Weltweit gibt es über 230 Millionen internationale Migranten, das ist mehr als die Bevölkerung von Brasilien, das im Hinblick auf seinen Bevölkerungsreichtum an fünfter Stelle in der Welt steht. Die geschätzten 2,600 Milliarden US-Dollar, die sie jährlich verdienen, übersteigen das BIP des Vereinigten Königreichs, der sechstgrößten Volkswirtschaft der Welt. Ein Großteil dieser Einnahmen wird in den Gastländern versteuert und ausgegeben. Doch wenn man von einer Sparquote von 20 % ausgeht (das entspricht in etwa dem Durchschnitt für Entwicklungsländer), kommt man auf eine jährliche Gesamtersparnis von über 500 Milliarden US-Dollar aus der Diaspora.

2013 schickten Migranten aus Entwicklungsländern etwa 404 Milliarden US-Dollar in ihre Heimatländer (dazu kommen die gewaltigen nicht registrierten Zuflüsse, die durch informelle Kanäle gesendet werden). Indien erhielt 70 Milliarden US-Dollar, das übersteigt den Wert seiner Exporte aus IT-Dienstleistungen. Die Rücküberweisungen nach Ägypten waren höher als die Einnahmen des Landes aus dem Suezkanal. Und in Tadschikistan machten die Einnahmen der Auswanderer über ein Drittel des Nationaleinkommens aus.

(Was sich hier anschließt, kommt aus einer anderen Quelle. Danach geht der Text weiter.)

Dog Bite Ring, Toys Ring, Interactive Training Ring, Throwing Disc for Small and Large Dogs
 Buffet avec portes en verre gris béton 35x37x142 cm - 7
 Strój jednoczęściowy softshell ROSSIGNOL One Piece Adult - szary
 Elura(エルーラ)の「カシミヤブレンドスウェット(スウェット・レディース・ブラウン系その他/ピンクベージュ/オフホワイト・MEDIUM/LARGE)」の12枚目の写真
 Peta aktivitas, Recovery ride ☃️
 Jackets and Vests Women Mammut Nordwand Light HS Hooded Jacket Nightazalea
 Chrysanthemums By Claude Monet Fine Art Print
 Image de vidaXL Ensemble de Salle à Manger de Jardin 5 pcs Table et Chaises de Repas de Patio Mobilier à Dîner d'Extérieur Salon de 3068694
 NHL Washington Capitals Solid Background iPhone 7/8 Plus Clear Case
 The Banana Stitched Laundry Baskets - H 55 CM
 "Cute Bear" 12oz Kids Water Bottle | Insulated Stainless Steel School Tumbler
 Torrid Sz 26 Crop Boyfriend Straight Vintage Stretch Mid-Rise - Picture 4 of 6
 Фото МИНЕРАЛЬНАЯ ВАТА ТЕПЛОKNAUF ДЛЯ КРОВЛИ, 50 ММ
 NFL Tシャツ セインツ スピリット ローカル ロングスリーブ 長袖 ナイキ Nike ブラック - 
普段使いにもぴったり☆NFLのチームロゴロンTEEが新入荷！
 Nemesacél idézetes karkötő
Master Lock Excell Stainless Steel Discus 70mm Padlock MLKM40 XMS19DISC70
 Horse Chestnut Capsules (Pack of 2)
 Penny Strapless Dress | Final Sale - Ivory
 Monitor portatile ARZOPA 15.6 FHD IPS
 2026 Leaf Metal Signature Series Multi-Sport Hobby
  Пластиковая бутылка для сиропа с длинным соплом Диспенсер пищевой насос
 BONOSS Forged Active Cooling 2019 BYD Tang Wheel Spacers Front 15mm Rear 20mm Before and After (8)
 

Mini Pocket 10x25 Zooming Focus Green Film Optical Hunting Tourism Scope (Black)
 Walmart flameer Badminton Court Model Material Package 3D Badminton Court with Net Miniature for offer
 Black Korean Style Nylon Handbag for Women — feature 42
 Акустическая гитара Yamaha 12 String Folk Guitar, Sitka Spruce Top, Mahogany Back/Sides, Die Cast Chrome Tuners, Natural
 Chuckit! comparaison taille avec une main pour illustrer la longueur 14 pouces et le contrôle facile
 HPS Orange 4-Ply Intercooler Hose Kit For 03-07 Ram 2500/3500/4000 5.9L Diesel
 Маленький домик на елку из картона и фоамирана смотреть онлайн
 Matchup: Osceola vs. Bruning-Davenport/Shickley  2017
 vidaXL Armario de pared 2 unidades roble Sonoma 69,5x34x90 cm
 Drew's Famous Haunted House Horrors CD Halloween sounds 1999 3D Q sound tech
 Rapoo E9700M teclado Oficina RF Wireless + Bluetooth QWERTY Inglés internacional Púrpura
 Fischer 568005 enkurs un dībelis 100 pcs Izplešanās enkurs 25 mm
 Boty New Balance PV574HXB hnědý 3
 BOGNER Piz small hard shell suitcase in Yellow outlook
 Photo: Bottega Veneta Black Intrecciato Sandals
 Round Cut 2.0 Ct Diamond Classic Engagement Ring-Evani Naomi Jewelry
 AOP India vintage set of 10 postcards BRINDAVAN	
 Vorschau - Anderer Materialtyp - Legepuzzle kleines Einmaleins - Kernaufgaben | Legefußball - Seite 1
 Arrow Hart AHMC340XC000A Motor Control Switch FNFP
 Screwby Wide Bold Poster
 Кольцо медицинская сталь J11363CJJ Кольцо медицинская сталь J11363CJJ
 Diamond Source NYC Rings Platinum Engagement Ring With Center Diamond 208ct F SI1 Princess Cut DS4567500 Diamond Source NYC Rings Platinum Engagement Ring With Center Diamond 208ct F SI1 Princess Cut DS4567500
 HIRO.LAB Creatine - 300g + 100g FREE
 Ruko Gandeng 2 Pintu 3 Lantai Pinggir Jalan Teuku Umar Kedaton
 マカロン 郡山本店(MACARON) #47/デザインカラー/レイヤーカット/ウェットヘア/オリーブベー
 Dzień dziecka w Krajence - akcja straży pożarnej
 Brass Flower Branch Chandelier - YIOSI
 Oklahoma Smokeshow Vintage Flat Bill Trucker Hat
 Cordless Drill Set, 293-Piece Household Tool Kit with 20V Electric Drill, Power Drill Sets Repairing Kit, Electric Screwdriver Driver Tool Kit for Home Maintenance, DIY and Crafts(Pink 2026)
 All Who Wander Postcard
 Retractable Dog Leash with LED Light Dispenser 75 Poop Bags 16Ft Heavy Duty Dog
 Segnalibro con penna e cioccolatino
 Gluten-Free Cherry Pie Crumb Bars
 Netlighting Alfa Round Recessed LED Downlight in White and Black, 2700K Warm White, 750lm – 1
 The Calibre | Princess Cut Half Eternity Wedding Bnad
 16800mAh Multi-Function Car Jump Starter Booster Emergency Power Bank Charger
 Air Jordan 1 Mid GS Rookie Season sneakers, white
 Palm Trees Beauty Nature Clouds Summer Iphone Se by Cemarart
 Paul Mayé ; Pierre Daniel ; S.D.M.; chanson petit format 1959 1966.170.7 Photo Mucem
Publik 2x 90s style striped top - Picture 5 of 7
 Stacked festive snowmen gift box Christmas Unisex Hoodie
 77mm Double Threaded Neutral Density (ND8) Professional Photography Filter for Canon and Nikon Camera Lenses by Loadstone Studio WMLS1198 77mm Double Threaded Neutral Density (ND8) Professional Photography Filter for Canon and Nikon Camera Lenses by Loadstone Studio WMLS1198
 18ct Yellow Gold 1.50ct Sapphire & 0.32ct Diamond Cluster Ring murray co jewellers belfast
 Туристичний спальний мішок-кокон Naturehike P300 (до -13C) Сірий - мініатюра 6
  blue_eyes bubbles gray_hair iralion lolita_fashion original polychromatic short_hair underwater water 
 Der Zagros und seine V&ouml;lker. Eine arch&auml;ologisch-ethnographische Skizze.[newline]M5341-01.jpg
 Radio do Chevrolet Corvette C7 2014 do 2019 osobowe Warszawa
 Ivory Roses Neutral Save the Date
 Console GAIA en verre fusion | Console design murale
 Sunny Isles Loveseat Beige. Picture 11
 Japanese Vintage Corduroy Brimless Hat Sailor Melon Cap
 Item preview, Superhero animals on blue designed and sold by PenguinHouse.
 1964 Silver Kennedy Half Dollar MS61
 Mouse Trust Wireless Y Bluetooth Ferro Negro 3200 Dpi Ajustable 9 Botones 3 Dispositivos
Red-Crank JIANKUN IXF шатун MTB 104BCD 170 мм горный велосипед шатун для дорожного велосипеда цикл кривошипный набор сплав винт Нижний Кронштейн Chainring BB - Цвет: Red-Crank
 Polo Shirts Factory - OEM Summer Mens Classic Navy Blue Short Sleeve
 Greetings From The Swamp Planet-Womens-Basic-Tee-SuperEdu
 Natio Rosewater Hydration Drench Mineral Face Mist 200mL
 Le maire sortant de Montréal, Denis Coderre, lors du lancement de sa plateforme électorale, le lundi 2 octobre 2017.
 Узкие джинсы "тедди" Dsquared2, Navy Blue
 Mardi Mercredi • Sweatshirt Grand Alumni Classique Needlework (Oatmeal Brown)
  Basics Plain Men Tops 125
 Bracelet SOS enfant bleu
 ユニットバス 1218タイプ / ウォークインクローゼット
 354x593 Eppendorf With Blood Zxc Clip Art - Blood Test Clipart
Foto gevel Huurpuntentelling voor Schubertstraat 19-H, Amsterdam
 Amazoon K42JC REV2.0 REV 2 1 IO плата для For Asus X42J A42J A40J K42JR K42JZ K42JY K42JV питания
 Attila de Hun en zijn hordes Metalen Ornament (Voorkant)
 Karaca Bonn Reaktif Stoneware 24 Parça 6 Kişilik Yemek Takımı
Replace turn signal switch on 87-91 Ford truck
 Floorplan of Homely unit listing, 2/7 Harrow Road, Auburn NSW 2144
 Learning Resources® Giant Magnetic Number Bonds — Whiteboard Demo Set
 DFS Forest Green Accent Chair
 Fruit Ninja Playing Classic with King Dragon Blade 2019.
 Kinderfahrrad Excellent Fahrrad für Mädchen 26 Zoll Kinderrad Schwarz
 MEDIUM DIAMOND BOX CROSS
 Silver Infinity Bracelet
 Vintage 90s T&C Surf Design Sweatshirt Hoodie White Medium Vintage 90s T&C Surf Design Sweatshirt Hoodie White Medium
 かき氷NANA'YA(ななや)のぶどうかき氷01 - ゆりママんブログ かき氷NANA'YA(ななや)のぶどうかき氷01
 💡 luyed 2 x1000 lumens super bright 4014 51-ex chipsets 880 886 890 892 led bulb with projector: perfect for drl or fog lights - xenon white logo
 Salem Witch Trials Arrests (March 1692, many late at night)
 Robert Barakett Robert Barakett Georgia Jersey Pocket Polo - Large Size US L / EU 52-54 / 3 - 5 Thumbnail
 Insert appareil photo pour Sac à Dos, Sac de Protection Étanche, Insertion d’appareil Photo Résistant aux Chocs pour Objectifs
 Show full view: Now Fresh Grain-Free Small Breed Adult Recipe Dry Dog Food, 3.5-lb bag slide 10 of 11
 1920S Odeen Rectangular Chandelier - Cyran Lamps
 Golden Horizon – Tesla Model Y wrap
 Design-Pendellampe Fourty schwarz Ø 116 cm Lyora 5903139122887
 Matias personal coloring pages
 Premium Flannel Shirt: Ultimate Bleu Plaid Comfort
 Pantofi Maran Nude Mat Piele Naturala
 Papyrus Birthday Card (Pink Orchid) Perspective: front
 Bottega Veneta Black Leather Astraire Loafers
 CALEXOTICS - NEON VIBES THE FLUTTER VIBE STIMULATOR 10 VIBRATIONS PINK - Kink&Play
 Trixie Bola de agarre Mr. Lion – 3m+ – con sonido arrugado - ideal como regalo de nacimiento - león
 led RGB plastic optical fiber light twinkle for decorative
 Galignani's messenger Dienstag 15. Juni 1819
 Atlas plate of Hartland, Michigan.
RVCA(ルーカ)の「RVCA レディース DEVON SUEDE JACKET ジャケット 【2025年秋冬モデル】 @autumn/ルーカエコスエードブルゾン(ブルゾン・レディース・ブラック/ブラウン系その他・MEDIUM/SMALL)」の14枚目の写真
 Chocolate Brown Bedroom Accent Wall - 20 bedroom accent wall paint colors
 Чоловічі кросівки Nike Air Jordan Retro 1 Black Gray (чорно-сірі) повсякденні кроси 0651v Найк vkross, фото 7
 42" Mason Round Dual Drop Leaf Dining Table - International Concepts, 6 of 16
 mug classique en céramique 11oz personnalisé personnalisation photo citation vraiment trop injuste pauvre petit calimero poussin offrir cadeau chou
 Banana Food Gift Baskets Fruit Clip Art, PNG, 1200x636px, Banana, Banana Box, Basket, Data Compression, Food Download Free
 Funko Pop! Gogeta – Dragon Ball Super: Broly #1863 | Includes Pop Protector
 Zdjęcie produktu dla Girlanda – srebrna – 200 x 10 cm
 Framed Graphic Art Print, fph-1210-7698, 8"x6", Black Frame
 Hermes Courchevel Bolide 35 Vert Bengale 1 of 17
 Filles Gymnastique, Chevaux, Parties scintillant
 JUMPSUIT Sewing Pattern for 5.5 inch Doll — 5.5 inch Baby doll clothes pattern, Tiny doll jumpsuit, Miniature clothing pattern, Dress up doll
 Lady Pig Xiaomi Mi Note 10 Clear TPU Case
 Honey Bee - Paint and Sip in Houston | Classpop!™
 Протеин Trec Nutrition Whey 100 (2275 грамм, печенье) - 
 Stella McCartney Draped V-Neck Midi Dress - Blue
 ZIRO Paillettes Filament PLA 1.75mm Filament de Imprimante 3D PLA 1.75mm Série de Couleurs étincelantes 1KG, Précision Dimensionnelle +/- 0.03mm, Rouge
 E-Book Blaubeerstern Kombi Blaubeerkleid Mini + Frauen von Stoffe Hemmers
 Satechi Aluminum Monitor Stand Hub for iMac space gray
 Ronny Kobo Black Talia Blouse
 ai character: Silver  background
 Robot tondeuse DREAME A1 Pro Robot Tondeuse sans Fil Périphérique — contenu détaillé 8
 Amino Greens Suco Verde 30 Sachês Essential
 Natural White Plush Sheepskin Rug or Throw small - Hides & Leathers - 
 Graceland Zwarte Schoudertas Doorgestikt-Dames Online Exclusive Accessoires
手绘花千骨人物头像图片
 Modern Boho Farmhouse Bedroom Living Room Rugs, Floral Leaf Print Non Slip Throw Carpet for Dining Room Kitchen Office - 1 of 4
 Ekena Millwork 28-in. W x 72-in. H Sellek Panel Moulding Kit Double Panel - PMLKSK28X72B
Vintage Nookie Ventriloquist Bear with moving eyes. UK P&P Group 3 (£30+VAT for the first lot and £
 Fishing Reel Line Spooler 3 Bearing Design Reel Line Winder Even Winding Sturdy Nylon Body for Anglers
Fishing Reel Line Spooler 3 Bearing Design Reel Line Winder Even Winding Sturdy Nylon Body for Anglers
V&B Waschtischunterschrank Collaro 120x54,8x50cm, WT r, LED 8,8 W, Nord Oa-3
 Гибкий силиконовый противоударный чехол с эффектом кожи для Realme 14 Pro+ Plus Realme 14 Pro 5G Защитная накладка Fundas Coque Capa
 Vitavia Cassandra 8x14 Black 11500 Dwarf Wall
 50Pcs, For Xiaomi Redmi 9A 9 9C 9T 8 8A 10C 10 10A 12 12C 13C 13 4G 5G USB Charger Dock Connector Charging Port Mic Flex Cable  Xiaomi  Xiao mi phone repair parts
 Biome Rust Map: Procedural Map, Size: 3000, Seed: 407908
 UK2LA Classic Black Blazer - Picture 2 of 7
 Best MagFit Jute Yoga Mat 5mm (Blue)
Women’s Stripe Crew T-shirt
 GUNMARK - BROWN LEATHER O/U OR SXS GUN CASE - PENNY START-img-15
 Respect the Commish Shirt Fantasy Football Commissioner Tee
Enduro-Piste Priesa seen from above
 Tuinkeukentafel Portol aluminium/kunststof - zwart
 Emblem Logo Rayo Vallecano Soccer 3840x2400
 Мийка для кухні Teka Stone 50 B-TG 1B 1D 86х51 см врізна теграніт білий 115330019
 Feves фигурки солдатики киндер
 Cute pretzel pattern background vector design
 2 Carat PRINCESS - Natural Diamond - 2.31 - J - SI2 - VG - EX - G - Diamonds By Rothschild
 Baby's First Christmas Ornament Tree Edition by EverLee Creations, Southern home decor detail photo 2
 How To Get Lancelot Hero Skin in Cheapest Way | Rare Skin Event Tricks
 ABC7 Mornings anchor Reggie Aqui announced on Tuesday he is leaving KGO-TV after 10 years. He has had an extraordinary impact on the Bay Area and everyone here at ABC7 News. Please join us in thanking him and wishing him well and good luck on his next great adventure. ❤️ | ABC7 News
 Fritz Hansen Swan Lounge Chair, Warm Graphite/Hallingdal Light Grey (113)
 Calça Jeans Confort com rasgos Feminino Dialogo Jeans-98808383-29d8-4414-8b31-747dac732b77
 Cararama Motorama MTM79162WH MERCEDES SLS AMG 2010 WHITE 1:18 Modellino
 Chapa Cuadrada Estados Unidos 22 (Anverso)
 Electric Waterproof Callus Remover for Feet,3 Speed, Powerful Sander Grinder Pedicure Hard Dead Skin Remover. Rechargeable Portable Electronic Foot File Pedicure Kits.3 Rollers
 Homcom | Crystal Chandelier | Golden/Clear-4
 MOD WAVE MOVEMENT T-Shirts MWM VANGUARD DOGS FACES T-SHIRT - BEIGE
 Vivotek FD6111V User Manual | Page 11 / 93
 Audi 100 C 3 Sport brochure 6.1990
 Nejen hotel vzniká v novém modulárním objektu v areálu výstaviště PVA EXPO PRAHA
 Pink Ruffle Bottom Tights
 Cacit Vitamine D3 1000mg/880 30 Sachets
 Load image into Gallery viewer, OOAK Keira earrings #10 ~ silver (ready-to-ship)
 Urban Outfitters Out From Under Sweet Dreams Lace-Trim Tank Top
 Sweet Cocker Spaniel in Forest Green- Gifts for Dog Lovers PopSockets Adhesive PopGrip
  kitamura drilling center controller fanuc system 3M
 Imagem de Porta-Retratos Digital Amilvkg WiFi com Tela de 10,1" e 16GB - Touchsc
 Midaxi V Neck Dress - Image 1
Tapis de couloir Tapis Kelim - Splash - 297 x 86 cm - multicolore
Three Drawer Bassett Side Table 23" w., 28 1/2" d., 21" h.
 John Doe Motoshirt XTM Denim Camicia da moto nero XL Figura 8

Diese Zuflüsse sind in ärmeren und kleineren Volkswirtschaften tendenziell größer und stellen häufig die Haupteinnahmequelle in fragilen oder von Konflikten geplagten Ländern dar. Die Rücküberweisungen kommen vor allem in ökonomisch schwierigen Zeiten und nach Naturkatastrophen an. Sie sind tendenziell stabiler als private Kapitalflüsse. In der jüngsten weltweiten Finanzkrise nahmen sie lediglich um 5 % ab und erlangten schnell wieder das Niveau von vor der Krise.

Sobald das Geld im Heimatland der Auswanderer ankommt, wird es dort einer guten Verwendung zugeführt. Rücküberweisungen haben die Armut in Bangladesch, Ghana und Nepal verringert. Kinder in Empfängerhaushalten in El Salvador brechen seltener die Schule ab; in Sri Lanka haben sie häufiger Zugang zu Privatlehrern. Das Geld finanziert die Gesundheitsfürsorge, Wohnraum und Unternehmen. Mikrokreditnehmer können Rücküberweisungsbescheinigungen sogar als Beleg für ihre Bonitätsgeschichte verwenden.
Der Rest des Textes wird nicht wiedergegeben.